TRY IT: Your answer should consist only of the line with "this 1200×630 image." and the lines after it, reproduced exactly through the end of the entries below.

RECORDS SHOWN:
- Opening Delimiter -

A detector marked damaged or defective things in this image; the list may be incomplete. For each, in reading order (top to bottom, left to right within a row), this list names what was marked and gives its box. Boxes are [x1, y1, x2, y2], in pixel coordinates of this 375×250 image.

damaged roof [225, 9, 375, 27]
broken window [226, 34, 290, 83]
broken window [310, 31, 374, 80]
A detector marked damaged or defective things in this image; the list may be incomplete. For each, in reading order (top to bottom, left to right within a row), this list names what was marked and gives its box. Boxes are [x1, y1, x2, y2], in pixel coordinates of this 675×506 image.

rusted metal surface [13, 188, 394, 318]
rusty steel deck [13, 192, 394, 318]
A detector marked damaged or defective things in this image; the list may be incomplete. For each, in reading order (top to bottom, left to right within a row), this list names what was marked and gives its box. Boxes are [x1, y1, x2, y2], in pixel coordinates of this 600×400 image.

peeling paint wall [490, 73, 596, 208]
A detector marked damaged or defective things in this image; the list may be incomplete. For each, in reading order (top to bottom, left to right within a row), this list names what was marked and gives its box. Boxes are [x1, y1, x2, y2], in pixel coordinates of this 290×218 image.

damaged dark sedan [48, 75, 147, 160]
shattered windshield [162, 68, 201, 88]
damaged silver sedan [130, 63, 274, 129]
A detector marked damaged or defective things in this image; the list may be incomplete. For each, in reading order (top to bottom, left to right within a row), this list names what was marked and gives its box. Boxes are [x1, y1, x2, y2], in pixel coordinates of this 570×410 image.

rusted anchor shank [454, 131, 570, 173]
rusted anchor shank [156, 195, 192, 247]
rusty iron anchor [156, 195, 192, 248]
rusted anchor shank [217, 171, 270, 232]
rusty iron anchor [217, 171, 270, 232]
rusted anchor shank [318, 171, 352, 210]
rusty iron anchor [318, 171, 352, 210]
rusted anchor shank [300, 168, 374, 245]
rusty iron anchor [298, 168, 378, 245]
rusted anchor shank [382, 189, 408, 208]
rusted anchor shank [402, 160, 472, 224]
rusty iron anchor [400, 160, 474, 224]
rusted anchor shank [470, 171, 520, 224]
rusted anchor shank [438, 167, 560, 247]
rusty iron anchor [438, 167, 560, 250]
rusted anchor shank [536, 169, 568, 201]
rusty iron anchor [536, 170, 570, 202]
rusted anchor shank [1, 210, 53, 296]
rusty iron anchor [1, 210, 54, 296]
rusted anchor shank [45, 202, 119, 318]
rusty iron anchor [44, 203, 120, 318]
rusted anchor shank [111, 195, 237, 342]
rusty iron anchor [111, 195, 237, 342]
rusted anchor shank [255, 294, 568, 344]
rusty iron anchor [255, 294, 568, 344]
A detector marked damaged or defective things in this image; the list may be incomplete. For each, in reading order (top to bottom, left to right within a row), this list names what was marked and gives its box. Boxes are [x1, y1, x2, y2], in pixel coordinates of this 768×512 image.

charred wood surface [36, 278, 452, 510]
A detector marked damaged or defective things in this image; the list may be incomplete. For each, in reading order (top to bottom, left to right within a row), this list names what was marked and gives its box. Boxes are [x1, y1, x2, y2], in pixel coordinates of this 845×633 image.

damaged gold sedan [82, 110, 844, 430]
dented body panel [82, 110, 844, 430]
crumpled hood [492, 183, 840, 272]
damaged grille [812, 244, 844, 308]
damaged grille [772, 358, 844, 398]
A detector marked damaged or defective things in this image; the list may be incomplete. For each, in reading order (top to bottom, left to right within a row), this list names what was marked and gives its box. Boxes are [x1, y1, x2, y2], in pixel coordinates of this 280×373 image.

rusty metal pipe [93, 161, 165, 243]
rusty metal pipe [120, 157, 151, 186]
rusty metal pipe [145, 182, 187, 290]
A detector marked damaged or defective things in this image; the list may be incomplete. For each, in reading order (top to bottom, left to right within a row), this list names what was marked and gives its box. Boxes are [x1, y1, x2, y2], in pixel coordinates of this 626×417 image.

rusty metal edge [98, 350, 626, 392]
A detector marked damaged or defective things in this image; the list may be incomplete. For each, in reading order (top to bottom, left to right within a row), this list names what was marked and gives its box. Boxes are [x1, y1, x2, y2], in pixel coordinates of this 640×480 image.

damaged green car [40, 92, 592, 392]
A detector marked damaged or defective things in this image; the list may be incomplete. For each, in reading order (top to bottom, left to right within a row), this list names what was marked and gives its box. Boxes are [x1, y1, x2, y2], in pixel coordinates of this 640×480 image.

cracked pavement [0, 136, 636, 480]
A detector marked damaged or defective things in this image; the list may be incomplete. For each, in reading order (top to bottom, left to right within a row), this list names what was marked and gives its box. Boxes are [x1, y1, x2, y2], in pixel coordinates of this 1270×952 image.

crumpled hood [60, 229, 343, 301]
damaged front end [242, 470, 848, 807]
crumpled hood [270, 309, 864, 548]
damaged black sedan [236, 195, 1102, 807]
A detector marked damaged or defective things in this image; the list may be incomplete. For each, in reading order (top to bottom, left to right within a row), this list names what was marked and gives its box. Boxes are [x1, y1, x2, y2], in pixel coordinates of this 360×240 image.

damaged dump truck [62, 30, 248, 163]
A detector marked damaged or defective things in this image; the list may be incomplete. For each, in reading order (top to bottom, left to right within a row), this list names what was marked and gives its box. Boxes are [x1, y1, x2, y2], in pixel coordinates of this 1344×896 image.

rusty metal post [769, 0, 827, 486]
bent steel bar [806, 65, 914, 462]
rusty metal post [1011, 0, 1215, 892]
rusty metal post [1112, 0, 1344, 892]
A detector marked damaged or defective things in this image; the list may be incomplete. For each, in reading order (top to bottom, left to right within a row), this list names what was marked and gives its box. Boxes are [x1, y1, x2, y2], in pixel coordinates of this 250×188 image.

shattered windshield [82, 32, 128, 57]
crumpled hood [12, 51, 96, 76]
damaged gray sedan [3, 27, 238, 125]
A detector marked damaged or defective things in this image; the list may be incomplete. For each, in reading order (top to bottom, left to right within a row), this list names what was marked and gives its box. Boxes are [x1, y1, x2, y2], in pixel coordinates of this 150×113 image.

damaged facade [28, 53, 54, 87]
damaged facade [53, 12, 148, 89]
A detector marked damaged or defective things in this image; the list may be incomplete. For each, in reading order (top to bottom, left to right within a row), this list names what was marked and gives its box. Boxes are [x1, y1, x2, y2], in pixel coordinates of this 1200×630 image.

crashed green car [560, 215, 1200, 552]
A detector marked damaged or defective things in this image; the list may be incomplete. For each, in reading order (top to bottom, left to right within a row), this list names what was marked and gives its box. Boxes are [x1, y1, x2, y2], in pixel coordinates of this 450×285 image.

- Closing Delimiter -

PROBLEM SOLUTION:
A detector marked damaged or defective things in this image; the list may be incomplete. For each, in reading order (top to bottom, left to right within a row), this list names what was marked and gives its box. Boxes are [x1, y1, x2, y2], in pixel coordinates of this 1200×630 image.

crashed green car [560, 215, 1200, 552]
A detector marked damaged or defective things in this image; the list may be incomplete. For each, in reading order (top to bottom, left to right within a row), this list names what was marked and gives its box. Boxes are [x1, y1, x2, y2], in pixel coordinates of this 450×285 image.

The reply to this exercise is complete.